● What you have to do: Would you return, word for word, the lines of the data below from the line with "Bids.com 14k Yellow" through the line with "Alternate image for", and no others?

● Records provided:
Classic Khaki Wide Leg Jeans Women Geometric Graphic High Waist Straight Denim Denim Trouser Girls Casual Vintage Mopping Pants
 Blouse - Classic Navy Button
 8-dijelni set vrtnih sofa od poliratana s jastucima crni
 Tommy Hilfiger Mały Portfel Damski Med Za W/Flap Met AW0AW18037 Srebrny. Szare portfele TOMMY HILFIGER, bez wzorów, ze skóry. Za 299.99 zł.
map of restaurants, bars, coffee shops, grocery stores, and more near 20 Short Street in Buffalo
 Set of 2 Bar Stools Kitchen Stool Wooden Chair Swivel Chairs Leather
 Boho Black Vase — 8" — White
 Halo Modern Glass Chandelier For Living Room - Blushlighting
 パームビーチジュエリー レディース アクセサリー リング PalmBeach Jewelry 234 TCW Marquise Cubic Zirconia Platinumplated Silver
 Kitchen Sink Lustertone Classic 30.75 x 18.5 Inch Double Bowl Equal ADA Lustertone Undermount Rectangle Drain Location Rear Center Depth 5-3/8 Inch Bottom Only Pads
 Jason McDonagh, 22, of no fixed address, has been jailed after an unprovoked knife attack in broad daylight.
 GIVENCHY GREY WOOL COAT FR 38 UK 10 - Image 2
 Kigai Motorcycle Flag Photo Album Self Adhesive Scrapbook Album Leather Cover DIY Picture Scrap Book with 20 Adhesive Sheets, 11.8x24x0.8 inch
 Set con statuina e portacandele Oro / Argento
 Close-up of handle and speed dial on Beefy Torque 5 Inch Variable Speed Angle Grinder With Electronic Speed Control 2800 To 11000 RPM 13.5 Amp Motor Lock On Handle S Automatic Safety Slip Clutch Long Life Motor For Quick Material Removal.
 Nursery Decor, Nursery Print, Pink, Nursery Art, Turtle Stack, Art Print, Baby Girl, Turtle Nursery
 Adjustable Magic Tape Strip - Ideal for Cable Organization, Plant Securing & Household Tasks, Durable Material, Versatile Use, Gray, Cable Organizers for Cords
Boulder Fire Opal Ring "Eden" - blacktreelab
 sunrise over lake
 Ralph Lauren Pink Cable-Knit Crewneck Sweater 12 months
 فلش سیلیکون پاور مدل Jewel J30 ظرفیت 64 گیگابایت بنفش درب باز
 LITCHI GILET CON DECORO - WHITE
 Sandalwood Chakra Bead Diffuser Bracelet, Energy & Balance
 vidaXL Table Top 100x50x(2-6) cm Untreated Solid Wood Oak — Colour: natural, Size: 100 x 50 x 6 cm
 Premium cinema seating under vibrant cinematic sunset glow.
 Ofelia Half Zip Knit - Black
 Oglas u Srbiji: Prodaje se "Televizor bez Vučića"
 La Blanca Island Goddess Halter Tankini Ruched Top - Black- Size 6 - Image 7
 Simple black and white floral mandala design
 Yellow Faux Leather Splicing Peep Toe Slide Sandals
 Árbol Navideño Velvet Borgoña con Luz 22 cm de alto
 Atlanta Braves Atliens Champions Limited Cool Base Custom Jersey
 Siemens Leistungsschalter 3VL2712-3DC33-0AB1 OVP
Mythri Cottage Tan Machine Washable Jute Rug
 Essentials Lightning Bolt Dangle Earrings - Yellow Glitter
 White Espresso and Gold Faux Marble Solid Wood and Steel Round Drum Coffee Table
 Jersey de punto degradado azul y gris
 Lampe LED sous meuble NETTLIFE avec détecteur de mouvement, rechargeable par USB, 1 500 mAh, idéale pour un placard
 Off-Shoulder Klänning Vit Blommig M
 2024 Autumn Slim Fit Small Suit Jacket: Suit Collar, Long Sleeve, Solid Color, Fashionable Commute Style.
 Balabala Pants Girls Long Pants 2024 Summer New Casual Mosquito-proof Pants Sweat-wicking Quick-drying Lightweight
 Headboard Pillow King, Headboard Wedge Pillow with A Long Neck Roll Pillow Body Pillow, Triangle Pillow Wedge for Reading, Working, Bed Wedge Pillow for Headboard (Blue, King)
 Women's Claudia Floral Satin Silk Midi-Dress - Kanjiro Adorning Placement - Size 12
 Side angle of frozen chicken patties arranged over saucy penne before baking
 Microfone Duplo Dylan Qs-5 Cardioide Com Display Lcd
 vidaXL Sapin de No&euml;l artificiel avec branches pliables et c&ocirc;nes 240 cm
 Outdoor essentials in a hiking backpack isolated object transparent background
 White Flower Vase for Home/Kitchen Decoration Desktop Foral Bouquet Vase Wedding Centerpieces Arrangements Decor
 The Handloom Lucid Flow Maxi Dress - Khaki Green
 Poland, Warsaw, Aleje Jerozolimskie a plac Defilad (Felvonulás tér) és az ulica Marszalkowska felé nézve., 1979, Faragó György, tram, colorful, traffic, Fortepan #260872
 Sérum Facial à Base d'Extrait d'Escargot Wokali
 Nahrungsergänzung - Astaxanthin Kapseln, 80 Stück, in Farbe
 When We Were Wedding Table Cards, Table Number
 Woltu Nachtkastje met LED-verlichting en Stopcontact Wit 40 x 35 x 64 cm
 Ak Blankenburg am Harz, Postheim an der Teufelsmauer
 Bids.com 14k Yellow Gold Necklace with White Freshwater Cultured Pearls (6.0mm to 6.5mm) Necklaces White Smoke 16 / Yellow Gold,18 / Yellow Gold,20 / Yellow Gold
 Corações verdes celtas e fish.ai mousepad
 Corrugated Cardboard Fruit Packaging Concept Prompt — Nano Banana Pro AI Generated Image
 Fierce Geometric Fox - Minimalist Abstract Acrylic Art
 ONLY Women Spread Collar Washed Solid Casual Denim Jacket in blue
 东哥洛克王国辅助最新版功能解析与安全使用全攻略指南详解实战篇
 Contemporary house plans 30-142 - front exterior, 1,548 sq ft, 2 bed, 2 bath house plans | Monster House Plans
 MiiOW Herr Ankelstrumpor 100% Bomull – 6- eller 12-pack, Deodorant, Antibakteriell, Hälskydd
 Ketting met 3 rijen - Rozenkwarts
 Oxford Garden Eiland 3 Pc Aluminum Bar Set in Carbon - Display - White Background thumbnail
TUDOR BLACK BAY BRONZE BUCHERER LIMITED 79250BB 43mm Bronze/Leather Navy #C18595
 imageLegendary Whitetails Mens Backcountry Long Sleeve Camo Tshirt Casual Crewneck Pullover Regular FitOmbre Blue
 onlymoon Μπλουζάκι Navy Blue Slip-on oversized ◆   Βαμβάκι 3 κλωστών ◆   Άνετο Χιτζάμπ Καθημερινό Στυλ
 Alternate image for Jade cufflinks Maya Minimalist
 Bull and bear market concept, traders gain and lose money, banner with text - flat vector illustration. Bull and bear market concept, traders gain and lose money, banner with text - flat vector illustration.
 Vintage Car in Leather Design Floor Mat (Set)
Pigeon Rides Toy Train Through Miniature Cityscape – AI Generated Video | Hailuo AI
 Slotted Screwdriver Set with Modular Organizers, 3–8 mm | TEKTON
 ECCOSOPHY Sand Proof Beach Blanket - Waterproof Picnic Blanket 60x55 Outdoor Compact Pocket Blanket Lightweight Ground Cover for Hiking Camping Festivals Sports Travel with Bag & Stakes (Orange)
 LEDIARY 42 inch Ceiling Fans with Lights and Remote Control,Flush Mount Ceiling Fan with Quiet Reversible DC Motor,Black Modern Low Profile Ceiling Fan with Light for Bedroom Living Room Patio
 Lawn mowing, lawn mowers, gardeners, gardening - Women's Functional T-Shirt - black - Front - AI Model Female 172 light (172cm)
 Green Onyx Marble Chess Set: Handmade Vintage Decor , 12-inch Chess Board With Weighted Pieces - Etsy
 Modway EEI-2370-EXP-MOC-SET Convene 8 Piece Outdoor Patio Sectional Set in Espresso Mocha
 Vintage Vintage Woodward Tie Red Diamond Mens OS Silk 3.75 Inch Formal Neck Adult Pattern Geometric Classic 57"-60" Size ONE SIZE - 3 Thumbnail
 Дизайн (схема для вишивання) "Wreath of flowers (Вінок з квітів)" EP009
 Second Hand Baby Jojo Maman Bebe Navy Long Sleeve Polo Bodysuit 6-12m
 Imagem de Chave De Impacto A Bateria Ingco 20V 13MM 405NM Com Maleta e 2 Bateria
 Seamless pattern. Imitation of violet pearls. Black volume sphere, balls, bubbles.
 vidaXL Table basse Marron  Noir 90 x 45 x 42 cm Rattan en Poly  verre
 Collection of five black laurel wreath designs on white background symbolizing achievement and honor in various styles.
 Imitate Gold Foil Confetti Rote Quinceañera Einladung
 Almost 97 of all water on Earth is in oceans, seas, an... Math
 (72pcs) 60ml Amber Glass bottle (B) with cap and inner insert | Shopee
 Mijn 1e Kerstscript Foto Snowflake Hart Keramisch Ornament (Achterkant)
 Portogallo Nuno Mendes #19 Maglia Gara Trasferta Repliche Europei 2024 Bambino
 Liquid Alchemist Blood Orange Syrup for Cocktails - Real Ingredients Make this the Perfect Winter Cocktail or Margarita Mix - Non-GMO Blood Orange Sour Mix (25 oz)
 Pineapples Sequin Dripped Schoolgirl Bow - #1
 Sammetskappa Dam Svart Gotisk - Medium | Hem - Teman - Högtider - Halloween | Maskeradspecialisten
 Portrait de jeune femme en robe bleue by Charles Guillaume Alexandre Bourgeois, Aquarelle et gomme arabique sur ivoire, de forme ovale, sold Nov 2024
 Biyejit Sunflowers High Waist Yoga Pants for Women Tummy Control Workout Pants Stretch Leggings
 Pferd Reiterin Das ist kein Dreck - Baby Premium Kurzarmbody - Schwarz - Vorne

● Task output:
 Bids.com 14k Yellow Gold Necklace with White Freshwater Cultured Pearls (6.0mm to 6.5mm) Necklaces White Smoke 16 / Yellow Gold,18 / Yellow Gold,20 / Yellow Gold
 Corações verdes celtas e fish.ai mousepad
 Corrugated Cardboard Fruit Packaging Concept Prompt — Nano Banana Pro AI Generated Image
 Fierce Geometric Fox - Minimalist Abstract Acrylic Art
 ONLY Women Spread Collar Washed Solid Casual Denim Jacket in blue
 东哥洛克王国辅助最新版功能解析与安全使用全攻略指南详解实战篇
 Contemporary house plans 30-142 - front exterior, 1,548 sq ft, 2 bed, 2 bath house plans | Monster House Plans
 MiiOW Herr Ankelstrumpor 100% Bomull – 6- eller 12-pack, Deodorant, Antibakteriell, Hälskydd
 Ketting met 3 rijen - Rozenkwarts
 Oxford Garden Eiland 3 Pc Aluminum Bar Set in Carbon - Display - White Background thumbnail
TUDOR BLACK BAY BRONZE BUCHERER LIMITED 79250BB 43mm Bronze/Leather Navy #C18595
 imageLegendary Whitetails Mens Backcountry Long Sleeve Camo Tshirt Casual Crewneck Pullover Regular FitOmbre Blue
 onlymoon Μπλουζάκι Navy Blue Slip-on oversized ◆   Βαμβάκι 3 κλωστών ◆   Άνετο Χιτζάμπ Καθημερινό Στυλ
 Alternate image for Jade cufflinks Maya Minimalist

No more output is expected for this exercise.